The EU's longstanding target is to cut carbon emissions by 20% from 1990 levels by 2020, largely by using a Europe-wide emissions-trading system. Until recently, any suggestion of an increase in this target was linked to progress on emissions cuts elsewhere in the world, but that view is now softening. Several high-profile politicians argue that a 30% target should now be adopted unilaterally by the bloc – a move that could provide much-needed impetus for global climate talks.
The environment ministers of Germany, the UK and other EU states have supported the move. They argue that falling emissions levels as a result of reduced industrial activity during the economic downturn would make bigger cuts achievable without much extra economic hardship. In October, the European Parliament's Environment Committee approved a resolution stating that raising the target to 30% would be "in the interest of the future economic growth of the EU".
In September, the UK government published the findings of a report that claimed an increase in the target would have little impact on industry. "For most sectors, the results suggest the reduction in EU output would be negligible," said Chris Huhne, the UK's energy minister. The report said the only sectors likely to be seriously affected would be lime, iron, steel and ceramic-tile manufacturing. A European Commission analysis released earlier in the year suggested increasing the emissions cut target by 10% would cost only an extra 0.6% of GDP.
The 20% emissions-cut target is part of the EU's 20-20-20 initiative, which also includes a 20% target for the use of renewable energy and a 20% reduction in primary energy use compared with projected levels, to be achieved by improving energy efficiency, all by 2020.
Vital to the success of these goals is the EU Emissions Trading Scheme (ETS), the world's largest cap-and-trade system, which is heading towards its third – and toughest – phase, running from 2013-20.
The EU ETS allows polluting companies to buy permits – EU allowances (EUAs) – to offset emissions produced above an imposed limit. During the two introductory phases of the scheme, which started in 2005, there has been an oversupply of free EUAs allocated to polluters, partly to ease their entry into the system. That, combined with falling emissions during the recession, has dragged down the price of carbon and provided little incentive to invest in CO2-reduction measures.
EUAs – each of which is equivalent to 1 tonne of CO2 – were trading at around €15-16 (around $22) in October, but investments such as carbon capture and storage, or nuclear plants, need a price closer to €50/t to make them viable in the absence of other policy measures.
Under Phase 3, the intention is to reduce the cap and auction a larger share of permits, rather than giving them away. That should push up the carbon price – though not to the dizzy heights of €50/t – and have more of an influence on polluters' behaviour.

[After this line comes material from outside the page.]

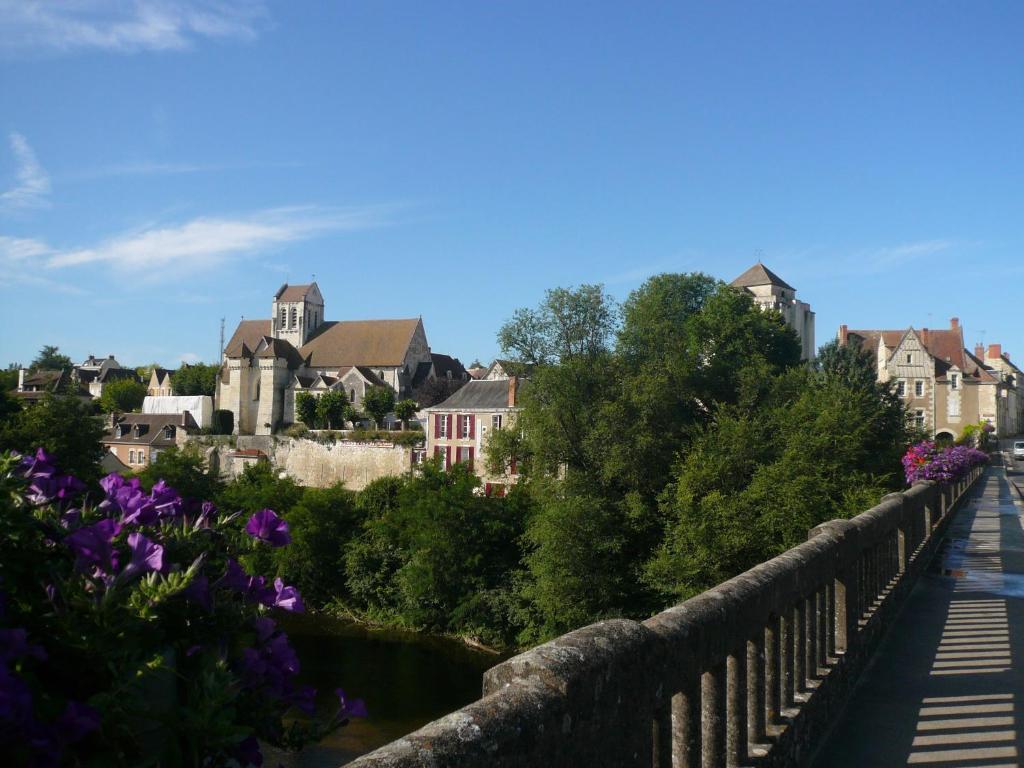 Logis Hotel Saint-Roch Pleumartin Esterno foto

"More so than anywhere else in the world, the sectors involved in the EU ETS have to comply with a tight CO2 cap up to 2020 – and that means companies must take CO2 into account when making important longer-term investment decisions," says Andreas Arvanitakis, senior analyst at Point Carbon, an energy consultancy.
The scheme will also move to a centralised – and lower – EU-wide cap in Phase 3, rather than working with varying national and sector settings, which have been kinder to some industries than others. For most of the power sector, there will be no free permits, with all allowances to be auctioned, while for non-power sectors, auctioning will start at 20% of EUAs and then rise to 100% by 2027.
Point Carbon forecasts that Phase 3 allocations to the sectors covered by the EU ETS will amount to almost 18bn EUAs, while emissions over the phase will be almost 20bn tonnes of CO2. That indicates a shortfall of 2bn tonnes, some 1.4bn tonnes of which could be offset by imported credits from UN-backed mechanism.
If the EU decides to move to a 30% emissions-reductions target, Point Carbon estimates the cap in the EU ETS would fall to less than 15bn EUAs, creating a shortfall of over 5bn tonnes of CO2, of which 1.8bn tonnes could come from project mechanisms.